How do you like the drilled rotors?? Do you notice a difference??
E
Don't do drilled rotors, aaaaaand I'll explain;
Drilled rotors have two major downfalls, strength and surface area. Most of your el cheapo $50 job drilled rotors are exactly that...
drilled. This is a problem due to strength issues. Rotors are cast, milled then heat treated. Once you heat treat something you shouldn't mess with it again. Well, drilling after the fact causes little tiny stress cracks around the holes that have been drilled the first time you heat up a rotor. It can eventually cause this:
Good "drilled" rotors are actually drilled BEFORE the heat treat, at the factory. You'll get rotors like this from Bear, wilwood, etc. But they're going to cost you.
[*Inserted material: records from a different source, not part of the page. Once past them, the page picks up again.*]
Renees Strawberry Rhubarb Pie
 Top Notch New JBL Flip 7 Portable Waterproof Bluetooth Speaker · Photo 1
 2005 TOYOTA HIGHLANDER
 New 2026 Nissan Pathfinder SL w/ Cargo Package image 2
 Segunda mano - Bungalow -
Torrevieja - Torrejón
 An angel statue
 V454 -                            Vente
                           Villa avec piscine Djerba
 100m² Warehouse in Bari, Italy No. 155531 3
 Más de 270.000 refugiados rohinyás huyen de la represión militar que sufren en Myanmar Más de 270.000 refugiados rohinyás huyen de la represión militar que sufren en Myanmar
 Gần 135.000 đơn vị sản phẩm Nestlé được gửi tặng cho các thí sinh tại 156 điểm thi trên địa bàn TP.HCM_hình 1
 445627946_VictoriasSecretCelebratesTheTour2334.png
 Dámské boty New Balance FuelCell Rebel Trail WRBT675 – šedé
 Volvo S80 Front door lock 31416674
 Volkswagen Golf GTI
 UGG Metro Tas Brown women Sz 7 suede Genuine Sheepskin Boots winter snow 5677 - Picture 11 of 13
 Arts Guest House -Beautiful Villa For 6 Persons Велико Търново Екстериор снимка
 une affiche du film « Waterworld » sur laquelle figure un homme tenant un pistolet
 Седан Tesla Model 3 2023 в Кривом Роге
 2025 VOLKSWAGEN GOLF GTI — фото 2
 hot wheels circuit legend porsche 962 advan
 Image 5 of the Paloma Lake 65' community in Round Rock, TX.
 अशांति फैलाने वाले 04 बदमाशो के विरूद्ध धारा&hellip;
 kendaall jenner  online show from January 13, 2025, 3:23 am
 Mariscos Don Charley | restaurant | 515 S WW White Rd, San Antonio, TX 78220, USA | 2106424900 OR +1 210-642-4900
Now, on to the cost vs. performance factor. You're actually DECREASING stopping power in trade for heat dissipation. The fact that you've got 40 holes in your rotor, amounts to quite a bit of surface space you're not going to be making pad contact with. This is often ofset by getting bigger brakes etc. You'll actually notice a slight DECREASE in stopping power with drilled rotors, given normal driving conditions. Once they get hot, is when they stop better, the holes reduce brake fade.
Now with that being said, your best bet is slotted rotors. You don't get the heat disipation, but you get the displacement of water, and in your case possibly sand or fine mud. Which is a major player in the game of brakes. All in all, you'll be better off with cheapo rotors and GOOD pads. I replace my rotors pretty much every brake change on my cars I drive hard. I run good pads, and cheap rotors. Rotors are rotors until you get into big money brakes. The good pads however will eat into a good rotor or a bad rotor just the same.
Brake bed in is also JUST as important to braking as the choice of pads and rotors, even more so I'd say.